I own 5 acres of mostly forested property. It's hilly. I am able to clear the forest, and its mostly smaller trees, and there is moderate ground cover in areas. Can sheep graze freely on forest undergrowth, or should I really clear out some forest so that all their available space is pasture? I already have about 1/2 acre of pasture they can use.

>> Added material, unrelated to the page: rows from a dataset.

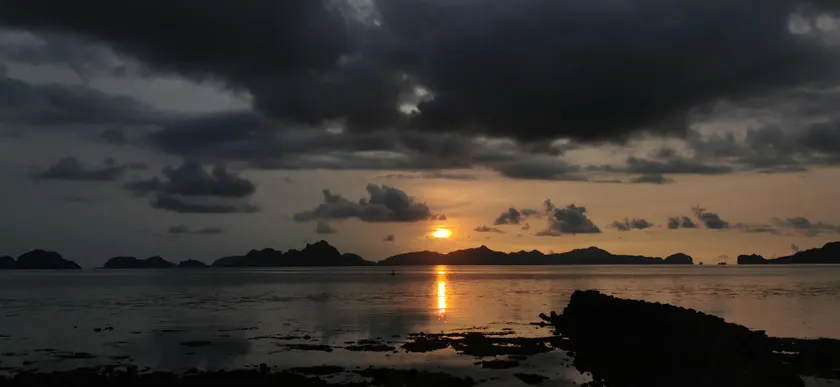 Kimura Beachfront El Nido - Image 1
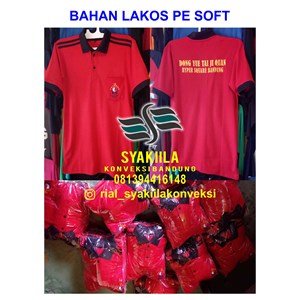 konveksi polo shirt termurah di bandung jawa barat-5
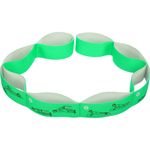 Эспандер Arena U172265 для растяжки зеленый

I've also searched the site without much fruit -- wheres the best info on fencing options?

Thanks!


----------



## fortheloveofgoats (Mar 20, 2012)

Goats would be great to help clear out the area, and they would help with getting the acreage healthy for the sheep you want.  Just a suggestion. Congrats on the 5 acres, you are so very lucky. Can't wait to hear what all you do, oh and we love pictures.


----------



## carolinagirl (Mar 20, 2012)

Goats will clear it out nicely, just be aware that goats LOVE tree bark.  They will strip a tree clean of it's bark and kill it.  They like some trees better than others.


----------



## secuono (Mar 20, 2012)

Goats can also be heck to fence in. 
What kind of sheep do you have/want to get?


----------



## nbatter (Mar 20, 2012)

We went to the big New York State sheep and wool fest this fall, and really liked the Merinos and Romneys -- though admittedly for completely superficial reasons. We'd like to harvest the wool primarily, but also want something with meat that is at least edible. Thanks for the tip on the goats. Is there a good resource on what bark they tend to favor? The area I am thinking about clearing has a lot of young evergreen, but I have another area on the other side of the property that has mature deciduous trees and the ground is almost exclusively nettles. We had some sheep when I was very young growing up and I remember an emergency with them getting bloated, so I'd like to be as safe as I can and get the best grazing space I can prepared for them. Thanks for the insight!


----------



## Cornish Heritage (Mar 20, 2012)

In my experience goats will kill all young trees. Goats can be very mischievous & you had better have very good secure fencing if you do not want to be chasing them home every 5 mins. 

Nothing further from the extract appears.